Folha de S. Paulo


Para evitar internação de menores, Justiça reúne vítima com infrator

O Tribunal de Justiça de São Paulo passou a adotar no final deste ano o método conhecido como justiça restaurativa para resolver conflitos envolvendo adolescentes infratores na capital paulista.

Nesse modelo, agressor e vítima são colocados frente a frente, numa roda, para que o primeiro entenda os traumas e as consequências do seu ato de violência. Depois, as partes tentam entrar em acordo para que o adolescente repare sua infração.

Um dos objetivos é reduzir o número de medidas socioeducativas aplicadas a jovens envolvidos em casos de agressão, bullying e furtos.

Eduardo Anizelli/Folhapress
TATUI, SP, BRASIL, 19-12-2016, 14h00: Retrato da Ana Cristina Gagliardo, 43, no Forum de Tatui. Um adolescente tentou robar sua casa com uma arma de brinquedo. Quando entrou, ocorria um reuniao de oracao. As vitimas, percebendo se tratar de um brinquedo, tentaram convence-lo a desistir. Mesmo assim, ele roubou um celular. Foi preso e recebeu uma
Ana Cristina Gagliardo, 43, de Tatuí (SP), acolheu um menor de idade que assaltou sua casa

Apenas nos cinco primeiros meses deste ano, a Polícia Militar realizou, em média, uma apreensão em flagrante a cada três horas na capital. Nesse período, foram 1.333 casos, ou pouco mais de 10% do total registrado na cidade.

Normalmente, quem comete infrações mais graves, como nos casos de roubo, é alvo de outras ações, como internação na Fundação Casa.

A justiça restaurativa subverte a lógica da punição como forma de combate à violência. Para juízes e promotores da área, encarceramento nem sempre funciona, pois a pena é vista como uma "dívida" a ser paga, e não há reflexão sobre as transgressões

"A pessoa é presa e não vê sua responsabilidade. Diz 'vou pagar minha pena e sair zerado'", afirma o juiz Egberto Penido.

Na 1ª Vara da Infância e Juventude, no Brás (centro), onde atua, ele faz 20 audiências por dia. "O sistema punitivo não tem sido eficaz. Basta ver os altos índices de reincidência em nossos presídios."

A justiça restaurativa começou a ser aplicada em 2006, em cidades do Estado de São Paulo, do Rio Grande do Sul e do Distrito Federal.

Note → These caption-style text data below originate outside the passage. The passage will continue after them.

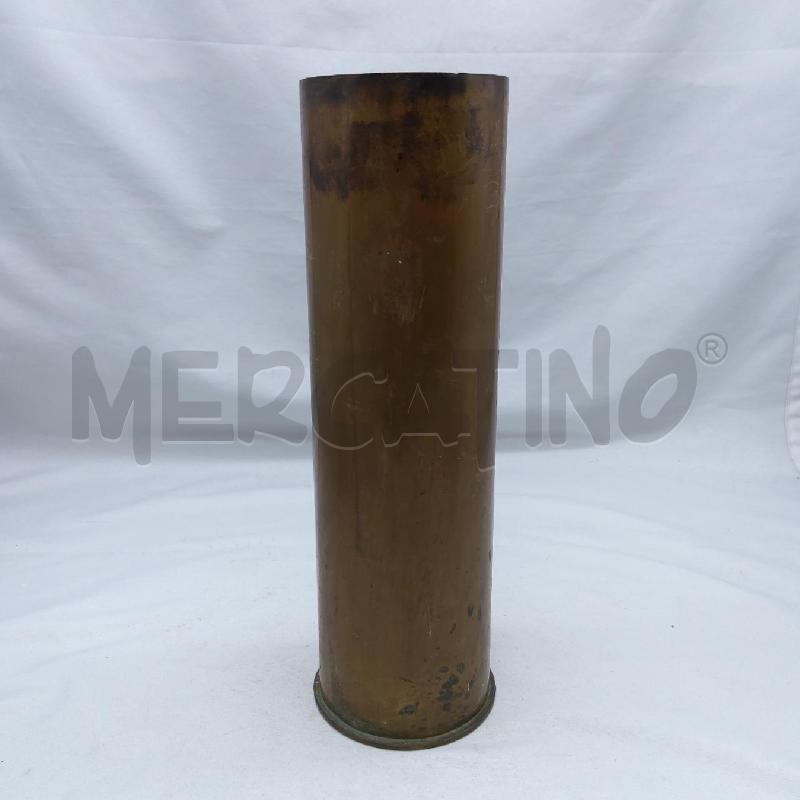 VASO ARTIGIANATO DI GUERRA SHELL  BOSSOLO M1 | Mercatino dell'Usato San maurizio canavese 1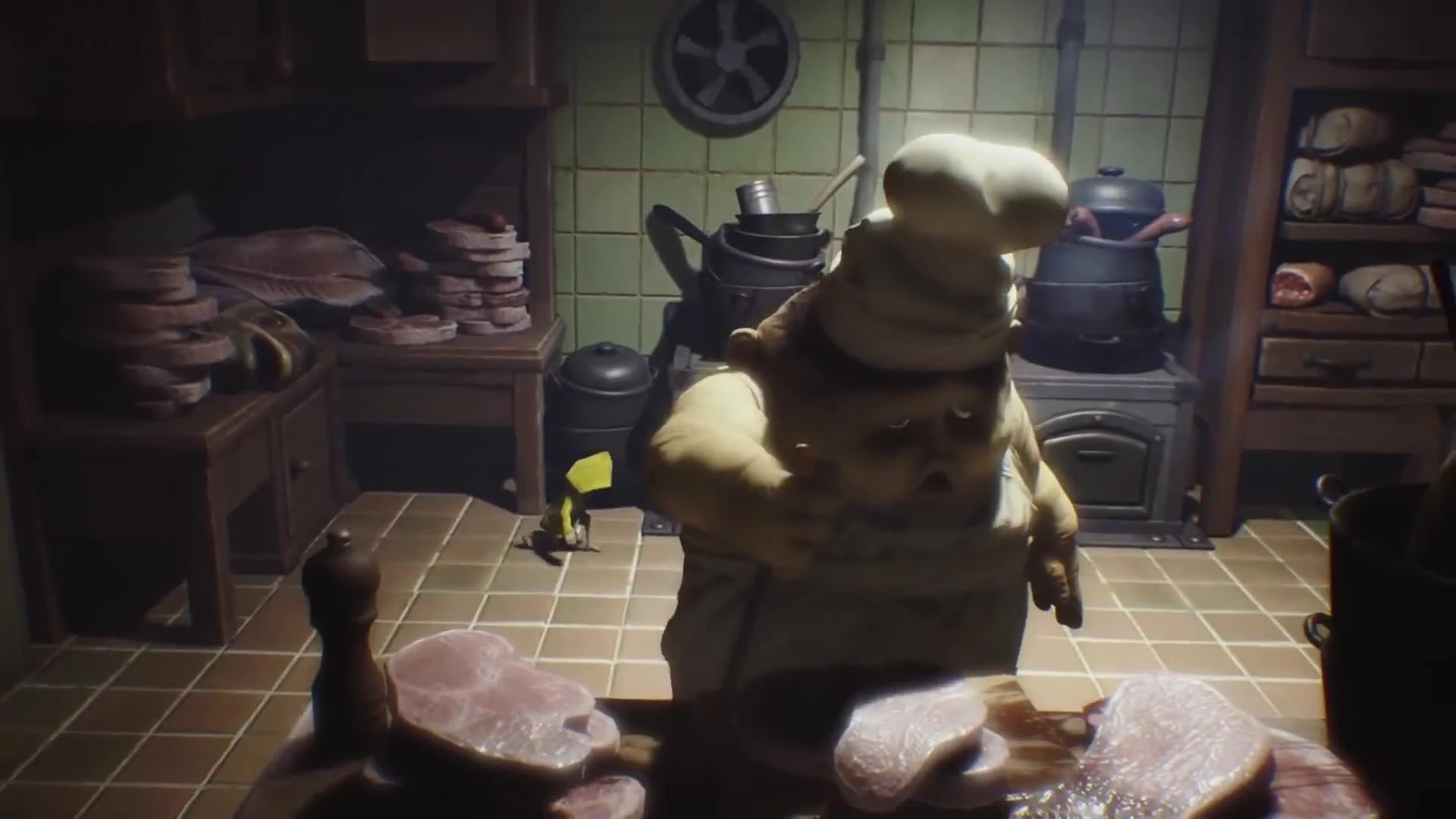Little Nightmares. Первый взгляд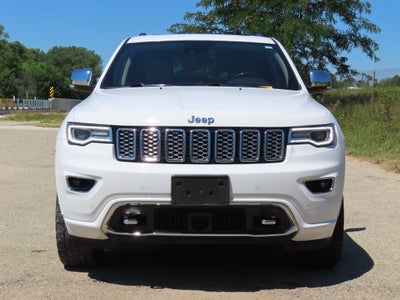 2019 Jeep Grand Cherokee Overland 4x4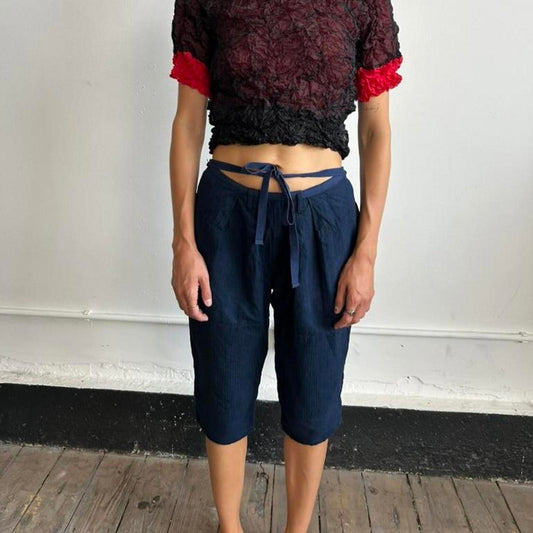 Comme Des Garçons Tao tie shorts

Na capital paulista, iniciou com casos de menor gravidade da Brasilândia, na zona norte. Policiais e professores de nove escolas foram treinados com conceitos do modelo ao longo deste ano.

Agora, o tribunal e o Ministério Público de SP esperam expandi-lo para outros locais e aumentar o alcance das infrações -poderia ser aplicado em roubos, normalmente em casos sem reincidência.

CONSCIÊNCIA

O procedimento da justiça restaurativa começa com uma consulta à vítima do crime. Técnicos do TJ perguntam se ela aceita participar de um "círculo restaurativo". A reunião é uma espécie de autoanálise com participação do infrator, vítima, parentes e membros da comunidade. O juiz não comparece.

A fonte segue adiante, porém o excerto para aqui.